● SUPPLIED DATA:
┌────────

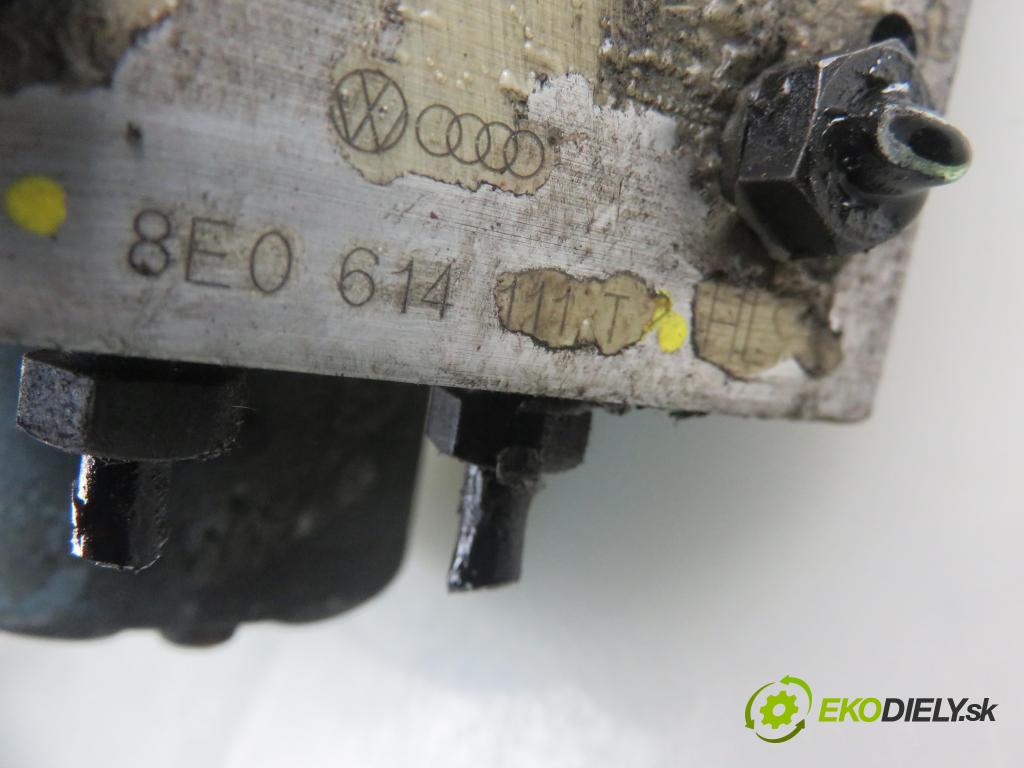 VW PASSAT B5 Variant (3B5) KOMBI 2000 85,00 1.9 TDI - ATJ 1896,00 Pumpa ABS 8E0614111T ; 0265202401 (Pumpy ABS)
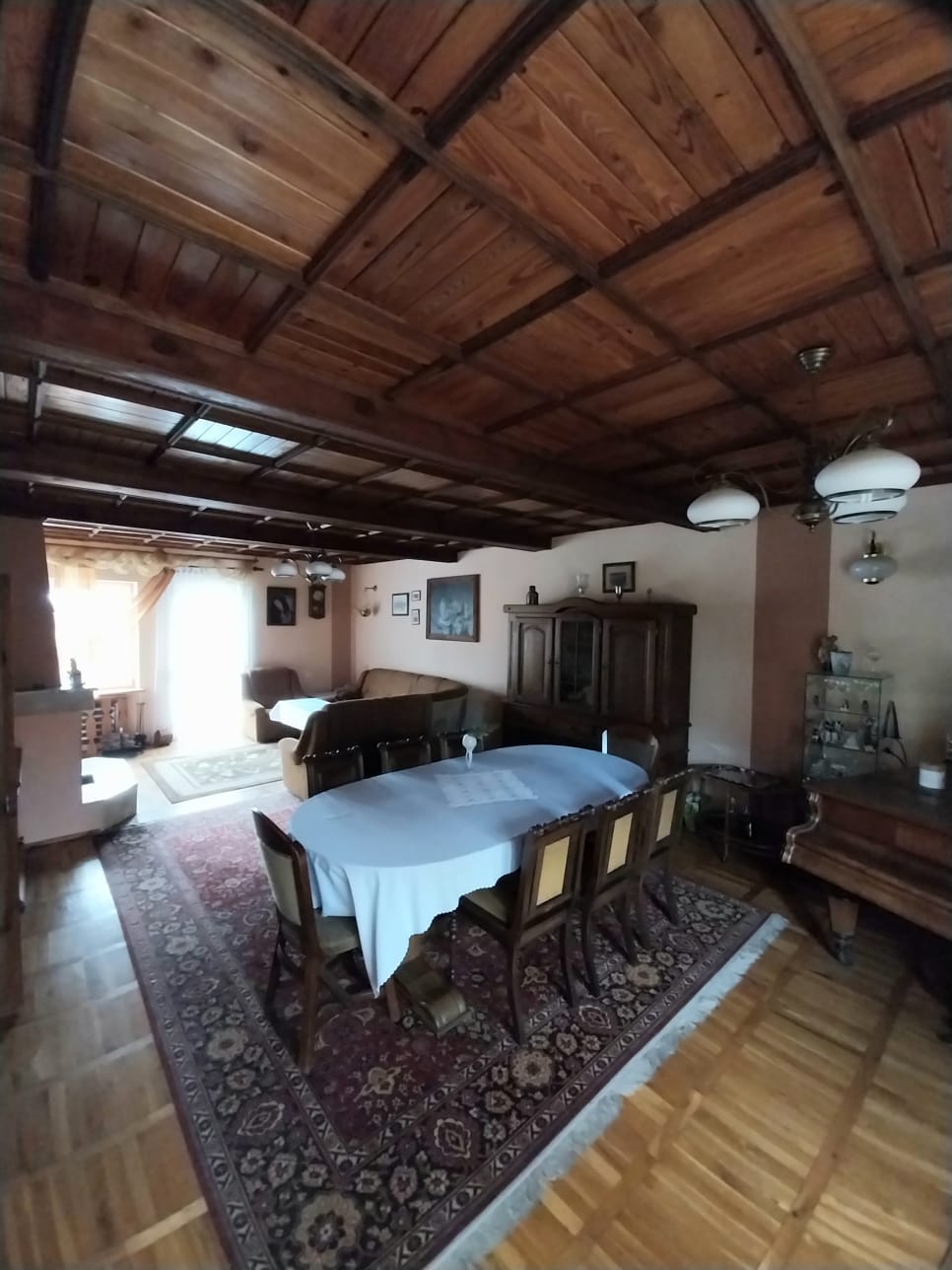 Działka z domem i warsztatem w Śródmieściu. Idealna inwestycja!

└────────
┌────────

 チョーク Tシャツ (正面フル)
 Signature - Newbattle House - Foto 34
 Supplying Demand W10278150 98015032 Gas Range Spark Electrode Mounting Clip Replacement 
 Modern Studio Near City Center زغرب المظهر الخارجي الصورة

└────────

● TASK OBJECTIVE: Output only an exact transcription of the lines above from the one with "Signature - Newbattle House - Foto 34" up to and including the one with "Modern Studio Near".

● ANSWER:
 Signature - Newbattle House - Foto 34
 Supplying Demand W10278150 98015032 Gas Range Spark Electrode Mounting Clip Replacement 
 Modern Studio Near City Center زغرب المظهر الخارجي الصورة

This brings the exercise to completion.